UOB estime que les perspectives à court terme du GBP/USD restent positives après une hausse au-dessus de 1,3450. La banque juge que la paire pourrait se diriger vers 1,3520, mais seulement en cas de clôture quotidienne au-dessus de 1,3480 (c’est-à-dire une fin de séance où le cours reste au-dessus de ce niveau). UOB situe un support à 1,3330 (un « support » est une zone de prix où la baisse a tendance à se stabiliser). Elle indique que les échanges en séance devraient se dérouler dans une fourchette de 1,3390 à 1,3465 (une « fourchette » correspond à une zone de variation attendue entre un bas et un haut). UOB a également rappelé son point de vue de mercredi 08 avril, lorsque le cours au comptant (le prix immédiat, pour livraison rapide) était à 1,3400. Elle indiquait alors voir de la place pour une hausse vers 1,3480, même si le rebond semblait excessif.

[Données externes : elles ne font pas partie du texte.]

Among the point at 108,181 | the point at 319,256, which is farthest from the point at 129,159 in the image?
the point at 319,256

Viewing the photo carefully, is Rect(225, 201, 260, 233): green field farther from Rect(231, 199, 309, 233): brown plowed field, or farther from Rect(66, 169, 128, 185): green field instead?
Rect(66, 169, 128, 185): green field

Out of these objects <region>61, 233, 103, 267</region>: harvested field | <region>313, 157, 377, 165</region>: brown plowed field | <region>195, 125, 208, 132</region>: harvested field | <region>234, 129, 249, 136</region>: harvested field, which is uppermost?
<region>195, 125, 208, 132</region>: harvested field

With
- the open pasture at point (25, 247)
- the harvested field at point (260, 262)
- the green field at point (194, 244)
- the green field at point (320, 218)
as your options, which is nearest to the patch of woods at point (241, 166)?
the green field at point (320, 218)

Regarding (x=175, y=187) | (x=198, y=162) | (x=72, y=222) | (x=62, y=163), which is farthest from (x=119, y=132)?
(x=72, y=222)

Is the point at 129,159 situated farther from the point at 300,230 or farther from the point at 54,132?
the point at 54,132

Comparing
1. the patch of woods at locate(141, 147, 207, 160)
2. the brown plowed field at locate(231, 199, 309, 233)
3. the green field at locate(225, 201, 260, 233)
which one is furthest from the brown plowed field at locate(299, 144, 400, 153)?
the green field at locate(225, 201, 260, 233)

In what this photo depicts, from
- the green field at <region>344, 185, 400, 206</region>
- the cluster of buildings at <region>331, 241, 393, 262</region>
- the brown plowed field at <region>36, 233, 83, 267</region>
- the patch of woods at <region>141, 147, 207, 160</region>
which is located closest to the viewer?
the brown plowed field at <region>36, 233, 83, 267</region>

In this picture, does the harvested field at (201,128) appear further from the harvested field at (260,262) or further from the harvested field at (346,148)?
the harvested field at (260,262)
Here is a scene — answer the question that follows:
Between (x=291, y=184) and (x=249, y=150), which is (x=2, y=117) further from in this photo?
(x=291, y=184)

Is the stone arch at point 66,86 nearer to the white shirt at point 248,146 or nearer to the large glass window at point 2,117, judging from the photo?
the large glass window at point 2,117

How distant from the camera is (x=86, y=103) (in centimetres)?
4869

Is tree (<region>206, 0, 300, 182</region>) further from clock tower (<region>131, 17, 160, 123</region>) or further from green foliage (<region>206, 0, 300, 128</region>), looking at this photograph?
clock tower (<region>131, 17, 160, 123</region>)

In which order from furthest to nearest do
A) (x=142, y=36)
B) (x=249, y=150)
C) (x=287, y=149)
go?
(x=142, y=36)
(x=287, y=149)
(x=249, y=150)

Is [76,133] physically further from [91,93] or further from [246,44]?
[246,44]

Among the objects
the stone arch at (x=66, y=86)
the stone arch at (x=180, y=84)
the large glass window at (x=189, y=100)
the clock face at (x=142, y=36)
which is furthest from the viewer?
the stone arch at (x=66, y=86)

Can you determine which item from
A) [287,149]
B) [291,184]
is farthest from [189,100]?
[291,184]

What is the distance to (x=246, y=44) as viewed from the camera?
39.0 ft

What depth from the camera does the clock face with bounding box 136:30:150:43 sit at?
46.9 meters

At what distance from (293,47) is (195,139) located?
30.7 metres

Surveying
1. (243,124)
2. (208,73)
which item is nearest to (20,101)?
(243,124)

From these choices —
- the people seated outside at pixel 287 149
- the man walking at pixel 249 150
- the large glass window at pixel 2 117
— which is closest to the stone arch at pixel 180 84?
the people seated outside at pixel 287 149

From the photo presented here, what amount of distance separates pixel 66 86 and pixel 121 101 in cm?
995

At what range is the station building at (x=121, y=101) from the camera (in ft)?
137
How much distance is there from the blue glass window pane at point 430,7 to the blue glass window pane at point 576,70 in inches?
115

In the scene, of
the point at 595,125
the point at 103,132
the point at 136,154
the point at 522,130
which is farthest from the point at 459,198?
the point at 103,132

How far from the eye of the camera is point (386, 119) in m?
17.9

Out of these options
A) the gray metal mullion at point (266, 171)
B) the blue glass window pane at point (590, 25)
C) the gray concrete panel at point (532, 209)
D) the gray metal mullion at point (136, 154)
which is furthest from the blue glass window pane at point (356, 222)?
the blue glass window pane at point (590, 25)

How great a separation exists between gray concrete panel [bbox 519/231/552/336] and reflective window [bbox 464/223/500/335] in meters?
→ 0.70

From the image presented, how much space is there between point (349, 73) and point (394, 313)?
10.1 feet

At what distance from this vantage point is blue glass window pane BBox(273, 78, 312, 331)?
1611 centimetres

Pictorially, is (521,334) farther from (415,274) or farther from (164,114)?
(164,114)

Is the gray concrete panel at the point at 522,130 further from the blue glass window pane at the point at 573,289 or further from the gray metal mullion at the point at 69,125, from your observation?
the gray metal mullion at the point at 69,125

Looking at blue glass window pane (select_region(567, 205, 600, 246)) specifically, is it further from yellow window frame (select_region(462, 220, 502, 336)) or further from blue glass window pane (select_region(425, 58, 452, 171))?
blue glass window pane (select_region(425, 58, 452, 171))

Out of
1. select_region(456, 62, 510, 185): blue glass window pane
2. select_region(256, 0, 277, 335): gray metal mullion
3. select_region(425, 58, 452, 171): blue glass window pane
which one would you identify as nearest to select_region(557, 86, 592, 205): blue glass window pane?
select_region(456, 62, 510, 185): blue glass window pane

Stratégie d’options pour juin 2026

Aujourd’hui, la situation est portée par d’autres facteurs. La Banque d’Angleterre a adopté un ton plus ferme (« hawkish », c’est-à-dire davantage orienté vers une hausse des taux pour lutter contre l’inflation) après le dernier rapport d’inflation britannique de mars 2026, qui a montré une hausse des prix à la consommation de 3,2% sur un an. Avec une croissance du PIB britannique au 1er trimestre 2026 également meilleure qu’attendu, à 0,5%, le contexte économique plaide pour une livre plus forte. Dans ce cadre, nous identifions des opportunités en achetant des options d’achat (« call options » : contrats qui donnent le droit, mais pas l’obligation, d’acheter la paire à un prix fixé à l’avance) sur GBP/USD avec un prix d’exercice proche de 1,3600 et une échéance en juin 2026 (l’« échéance » est la date de fin de validité du contrat). Cela permet de profiter d’une hausse potentielle liée à des relèvements de taux attendus de la Banque d’Angleterre. C’est une manière d’investir avec un risque plafonné (la perte maximale est connue à l’avance) pour viser un renforcement de la livre. Il faut toutefois tenir compte du fait que les dernières données sur l’emploi américain ont été solides, les créations d’emplois « Non-Farm Payrolls » (les emplois créés hors secteur agricole, un indicateur clé du marché du travail américain) de mars 2026 ayant dépassé 250 000. Cela maintient la Réserve fédérale américaine (la banque centrale des États-Unis) au centre du jeu pour ses propres ajustements de taux. Pour limiter ce risque, un « bull call spread » (stratégie consistant à acheter un call et à vendre un autre call à un prix d’exercice plus élevé, afin de réduire le coût initial en échange d’un gain maximal plafonné) peut être une approche prudente.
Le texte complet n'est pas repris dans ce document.